- [REQUIREMENT]
Would you please repeat exactly the entries below, starting at the line with "Top Maya lange mouw +SIZE zwart" and ending at the line with "Casa · 133m² · 4 Ambientes · 1 Cochera", and nothing outside that range? Leave out the pictures.

- [RECORDED DATA]
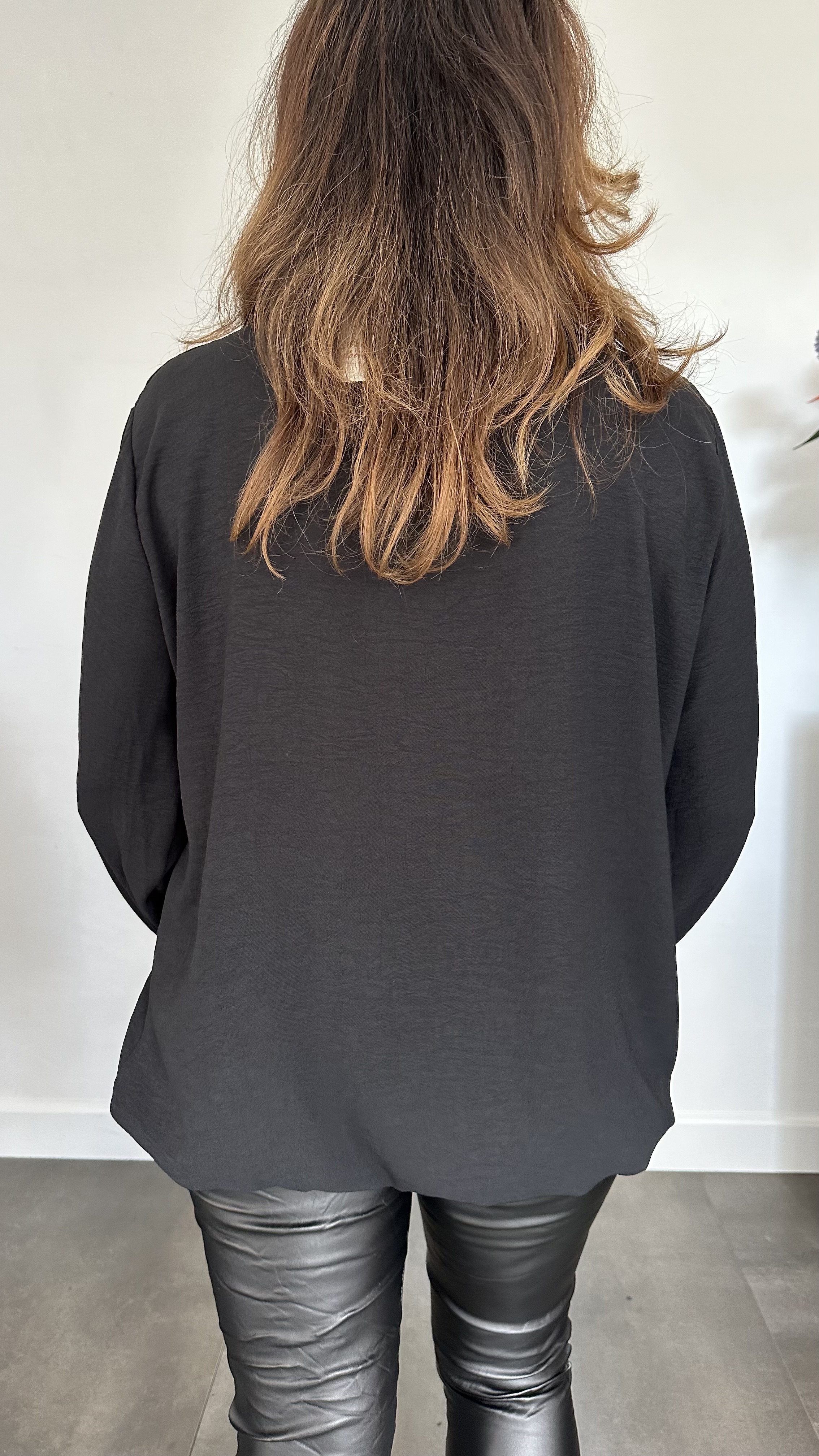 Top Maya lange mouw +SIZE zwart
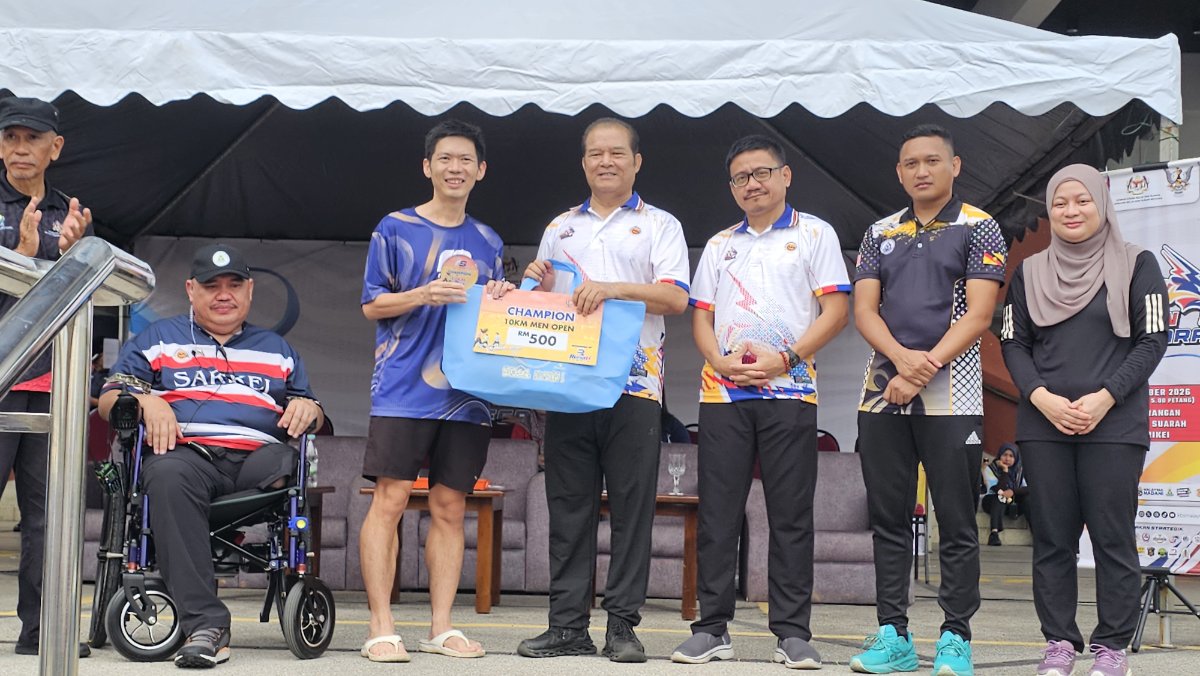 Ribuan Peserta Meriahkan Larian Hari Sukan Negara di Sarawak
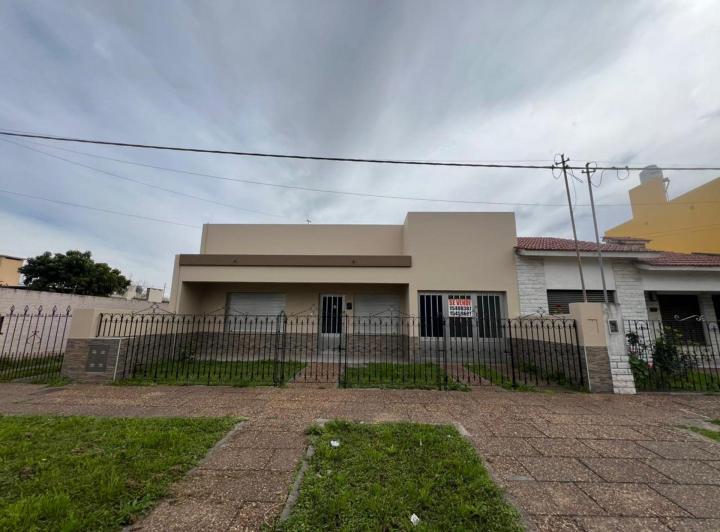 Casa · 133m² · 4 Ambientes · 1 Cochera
---
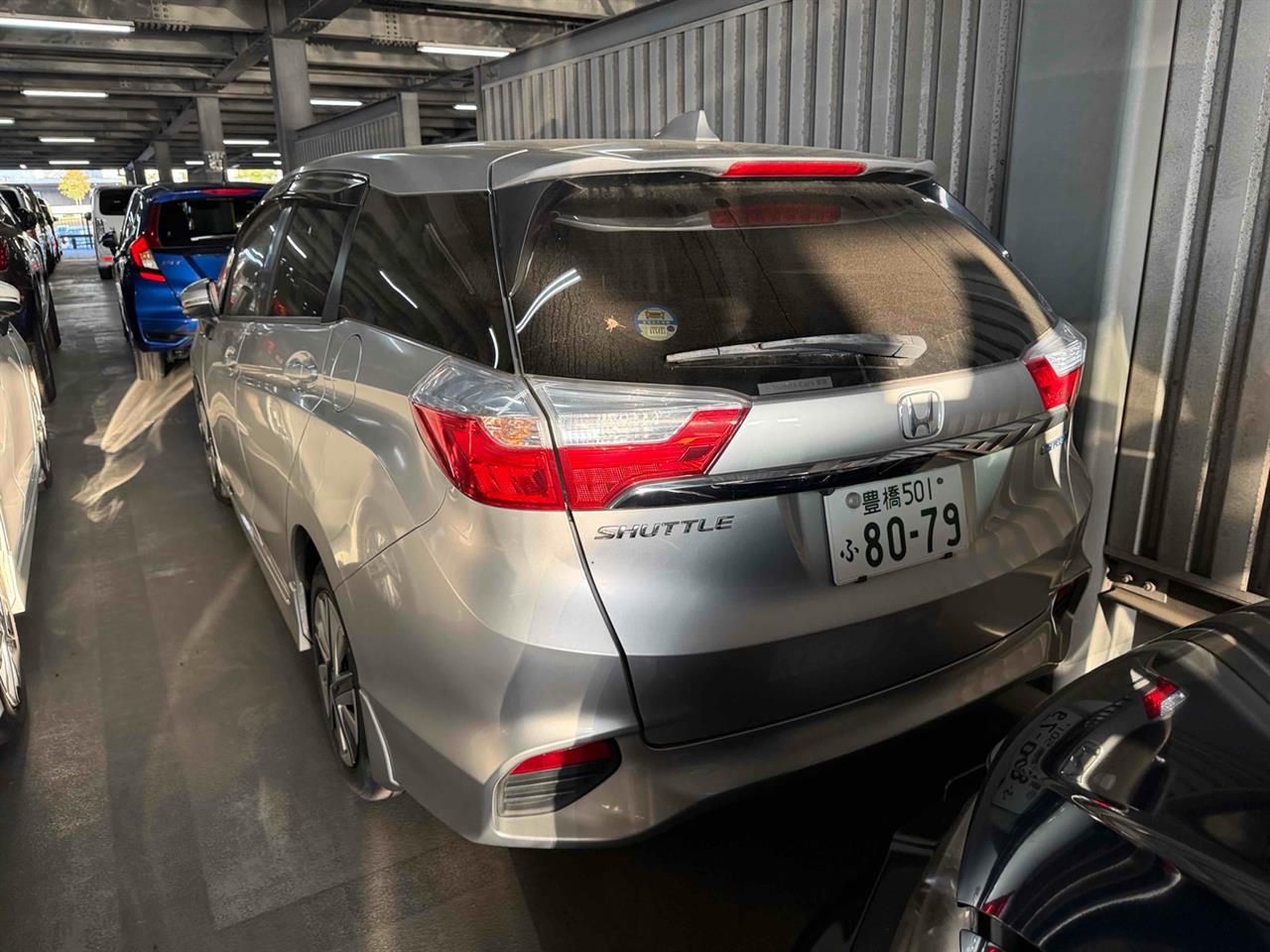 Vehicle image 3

- [ANSWER FOR THE TASK]
 Top Maya lange mouw +SIZE zwart
 Ribuan Peserta Meriahkan Larian Hari Sukan Negara di Sarawak
 Casa · 133m² · 4 Ambientes · 1 Cochera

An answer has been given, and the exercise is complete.